Iddrisu, before becoming MP, served as the Deputy Executive Secretary of Ghana Free Zones Authority in charge of Tema enclave.

== Politics ==
Habib Iddrisu is a member of New Patriotic Party and represents Tolon (Ghana parliament constituency) in the Eighth Parliament of the Fourth Republic of Ghana. Habib served as the second deputy chief whip for the majority side in parliament. In February 2024, after some changes to the Majority leadership, Habib was elevated to the position of first Deputy Majority Chief Whip.

In September 2021, President Nana Addo Dankwa Akufo-Addo appointed Habib and eight others to the Board of the Agriculture Development Bank. He is also a member of the Ghana National Hajj Board, a body responsible for overseeing the organization of the annual pilgrimage to Mecca. In July 2024, Habib and five others were sworn-in as Board of Directors of Electricity Company of Ghana.

=== 2016 election ===
In the 2016 Ghanaian general election, Iddrisu stood for the Sagnarigu Constituency against the member of parliament Alhassan Bashir Fuseini of the National Democratic Congress and lost with 7,888 votes representing 20.7% against Fuseini's 26,898 votes representing 70.7%.

Ahead of the 2020 elections, Iddrisu entered the race for the parliamentary candidate in the NPP primaries, this time around in the Tolon Constituency. In June 2020, he won the primaries for the Tolon Constituency after defeating incumbent member of parliament Wahab Wumbei Suhuyini who had served as member of parliament for two terms and been in parliament since January 2013. He won by getting 338 votes, while the incumbent had 164 votes and the rest of the three candidates had a total of 32 votes.

==== 2020 Ghanaian General Election ====
Iddrisu was elected member of parliament for Tolon constituency during the 2020 Ghanaian general elections. He was declared winner in the parliamentary elections after obtaining 31,429 votes representing 58.37% against his closest contender Yussif Adam of the National Democratic Congress who had 22,145 votes representing 41.13%.

===== 2024 Ghanaian General Election =====
Hon. Iddrisu was re-elected as a member of parliament for Tolon constituency during the 2024 Ghanaian general election with 30,893 votes which represent 55.50% of the total votes. He was elected over the parliamentary candidate for National Democratic Congress Osman Tahidu Damba and Sumani Dawuda Wumbei of APC. They obtained 24,772 votes and 0 votes which is equivalent to 44.50% and 0.00% respectful.

== Constituency Development & Pro ==
Hon. Habib Iddrisu has actively supported education in Tolon through his Soyalana Educational and Endowment Fund:

- Financial support to students: He has helped over 2,000 students from the Tolon Constituency through the education fund, covering tuition and educational needs for both senior high and tertiary students .
- GH¢320,000 Disbursement: In September 2025, he donated GH¢320,000 to 229 students to support their ed
- GH¢600,000 Fees Paid for 500 Tertiary Students: In May 2024, he covered school fees totaling GH¢600,000 for 500 disadvantaged tertiary students through the same fund .

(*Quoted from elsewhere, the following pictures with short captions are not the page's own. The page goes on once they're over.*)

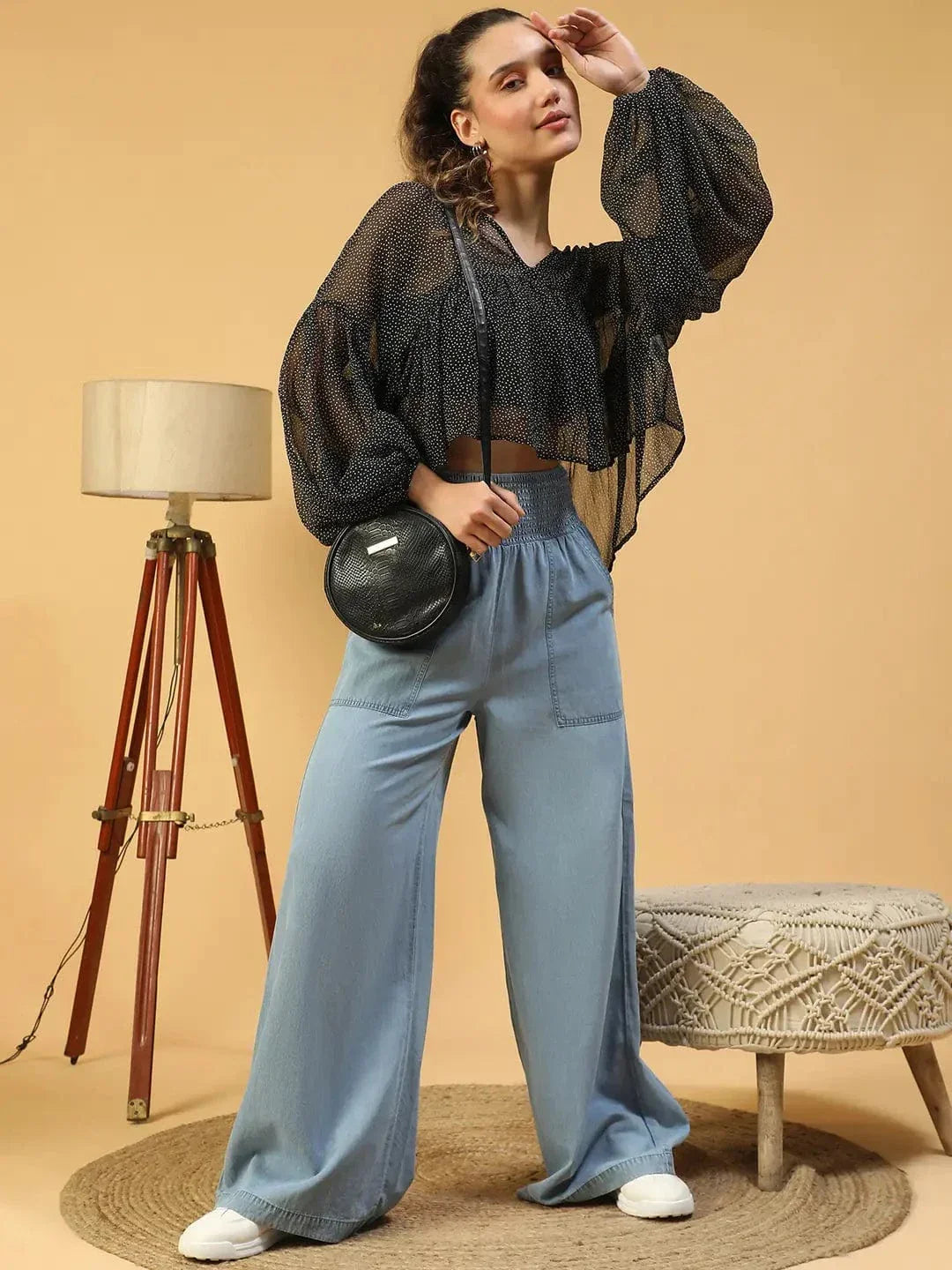 Fine Black Polka Dot Print With Long Extended Baggy Sleeve Women Chiffon Top - oxolloxo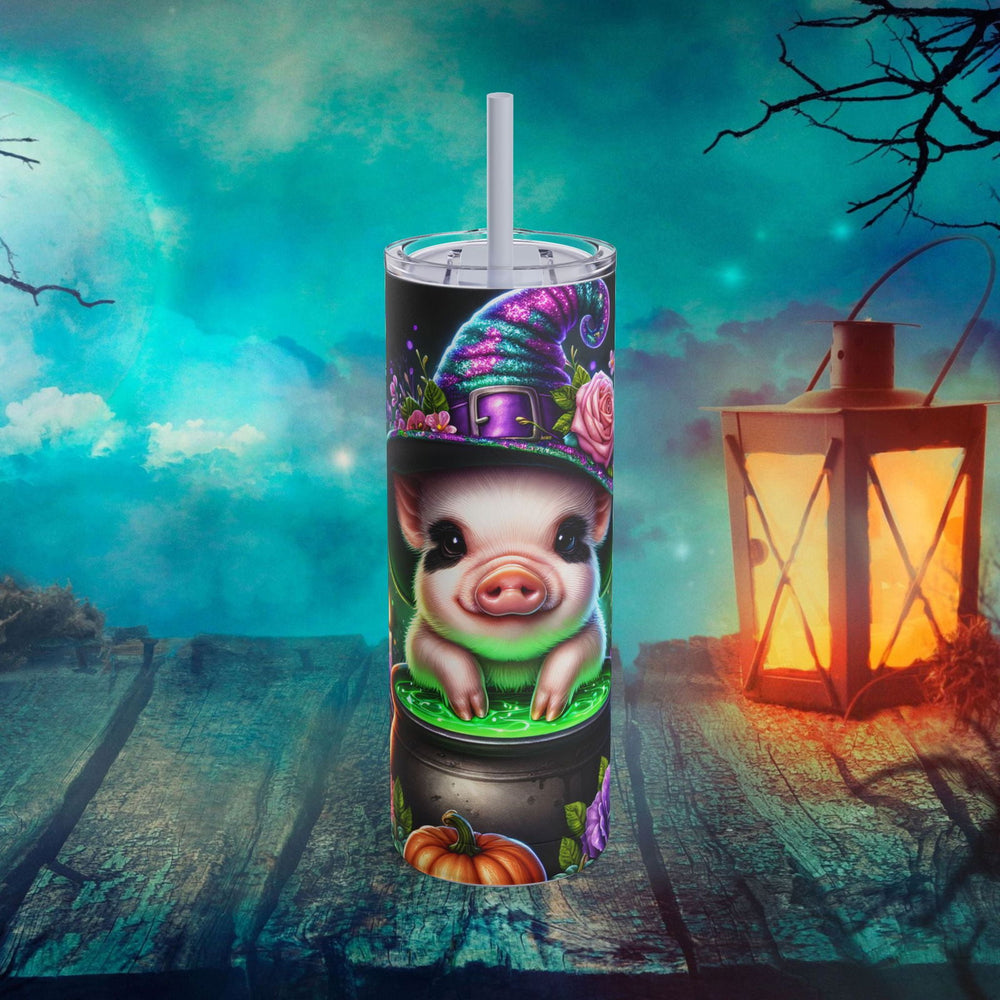 Cauldron Pig Halloween Tumbler Mug Printify Dusty Blue 20oz Matte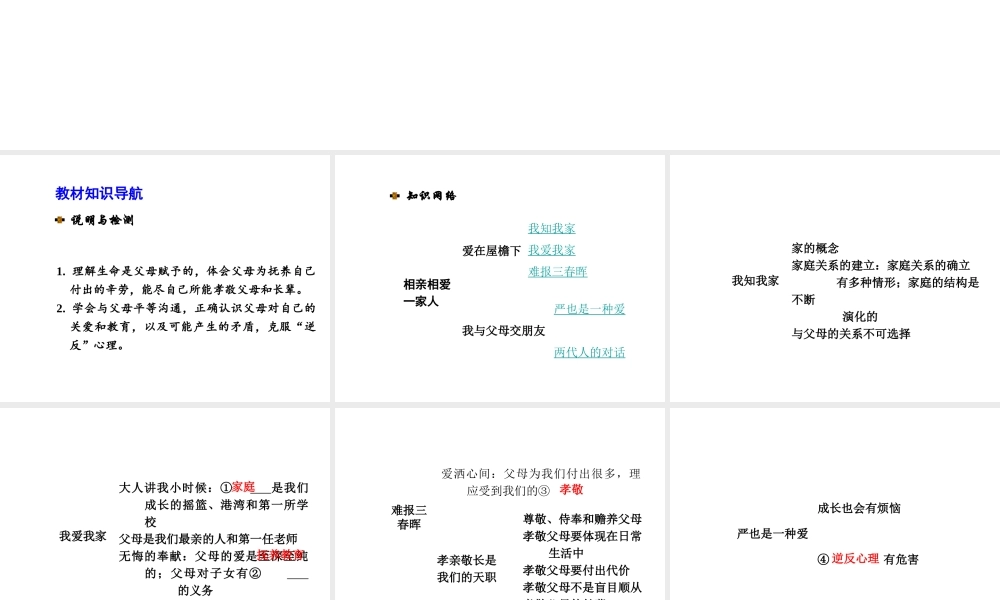 【河南中考面对面】2015年中考政治总复习 八上 第一单元 相亲相爱一家人课件（知识导航+中招知识精讲+试题精编） 新人教版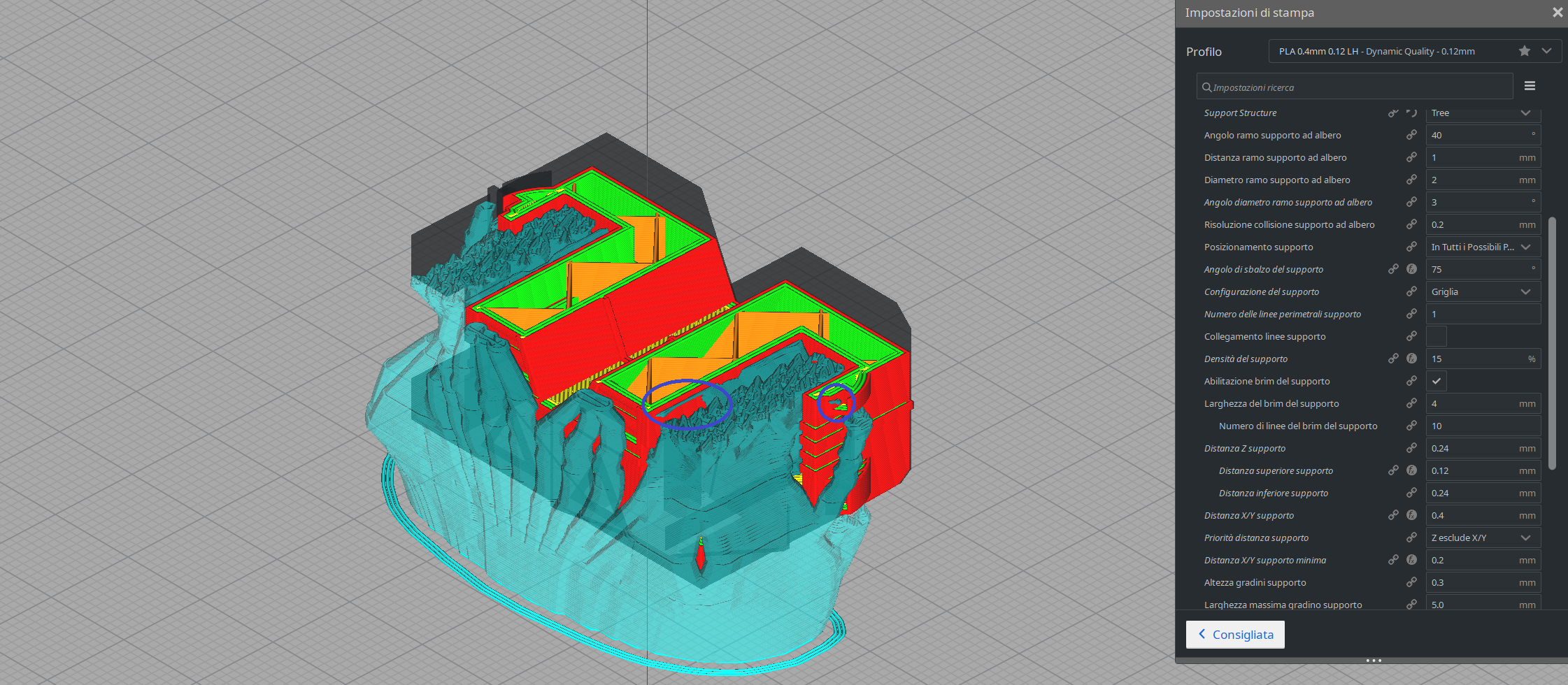 tree supports in the air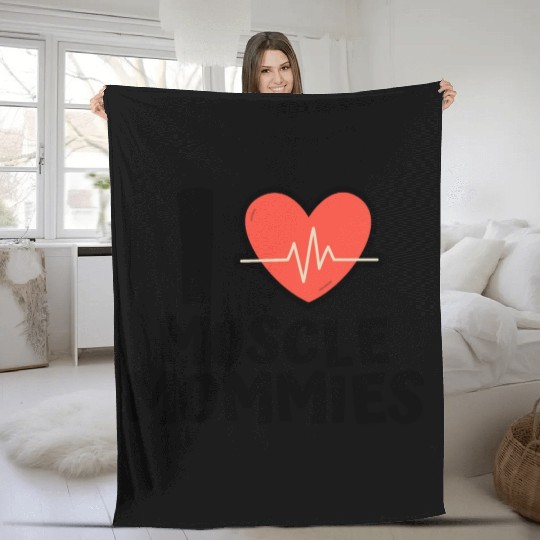 I Love Muscle Mommies Fleece Blankets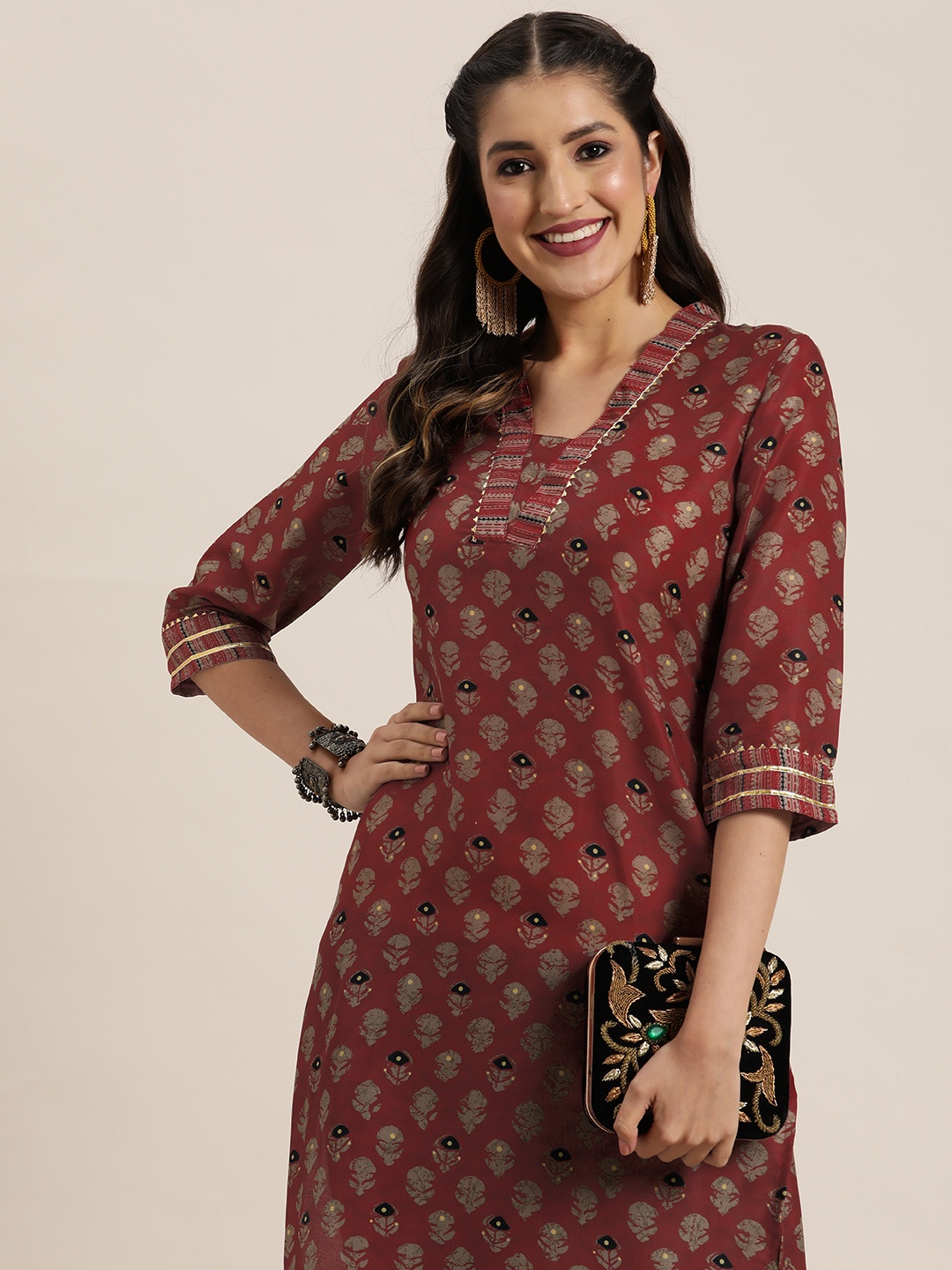 

HERE&NOW Ethnic Motifs Print Gotta Patti Kurta, Maroon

== Electrification Projects ==
Before and after becoming MP, he was involved in electrifying part of the constituency:

- Connected 7 communities to the national grid under the Self Help Electricity Project (SHEP), bringing power to several rural areas in Tolon .
- Boat & Life Jackets Donation: In November 2025, he personally donated an engine boat and life jackets (~GH¢80,000) to the Zantani community to improve transportation safety on local waterways.

== Awards ==
The Northern Business Excellence Awards also recognised him as the Young and Most-Promising Entrepreneur in 2020. The Voiceless Media in 2019 conferred on him the Humanitarian Service Personnel Award. In 2023, Iddrisu received the Most influential personality in the five regions of the north award from Northern Excellence Awards due to his contributions to the development in this regions and the vital roles he played. Abdul Aziz Ayaba Musah and Farouk Aliu Mahama received this award on his behalf.

== Personal life ==
Iddrisu is married and has three children.